Oklahoma drug agents say an illegal marijuana grow near Devol is out of business after a Monday raid that yanked 5,304 plants out of the ground and from indoor rooms. The Oklahoma Bureau of Narcotics' Marijuana Enforcement Team served a search warrant at the rural grow, and U.S. Immigration and Customs Enforcement took one person into custody. Investigators say the farm had been operating under a fraudulent state registration to look legitimate, part of what officials describe as a winter run of large-scale busts on unlicensed grows across the state.
Details from the scene
As reported by KOKH / OKCFOX, OBN agents said they served their warrant at the Devol property and removed 5,304 live plants from both indoor and outdoor cultivation areas. According to the agency, the growers had obtained their OBN registration through fraud, and federal partners were on hand to help with the arrest. OBN did not immediately say whether state or federal charges had been filed as the investigation continues.
Part of a growing enforcement push
OBN's MET teams have been busy in recent weeks and months. Agents seized more than 10,000 plants in Stratford earlier this month, as KXII reported. In December, they recovered over 65,000 plants in Yale, according to KSWO. Officials say many of these operations are tied to black-market trafficking and rely on deceptive ownership structures to slip past state regulators.

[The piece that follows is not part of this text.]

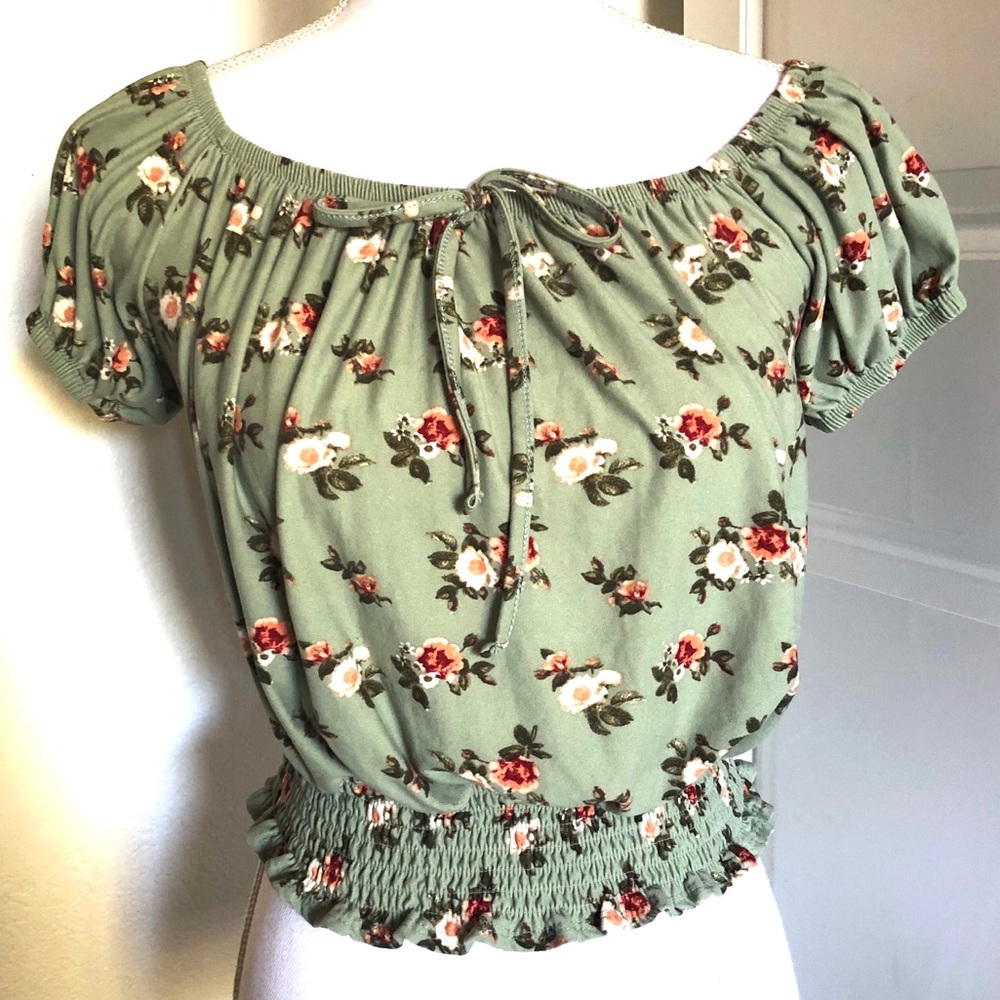Olive Green Floral Print Smocked Waist Top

How 'straw ownership' works
OBN and local outlets say many illegal grows lean on what is known as "straw ownership" - fronting the business through stand-in owners who obtain state registrations while the real operators stay in the background. News 9 reported that since 2021, OBN has shut down thousands of illegal farms and sharply reduced the number of registered grows as part of a broader effort to cut off supply to the black market. Prosecutors have pursued indictments tied to these schemes in multiple counties as investigators follow paper trails on registrations and money flows, according to state reporting.
What comes next
For the Devol case, investigators will keep combing through ownership records and following leads while evidence is processed, and OBN is again urging anyone with information to use its anonymous tip line. KXII notes the bureau's tip line is 800-522-8031. Local prosecutors and federal partners will ultimately decide on any charges, while ICE handles immigration issues for the person taken into custody during the raid.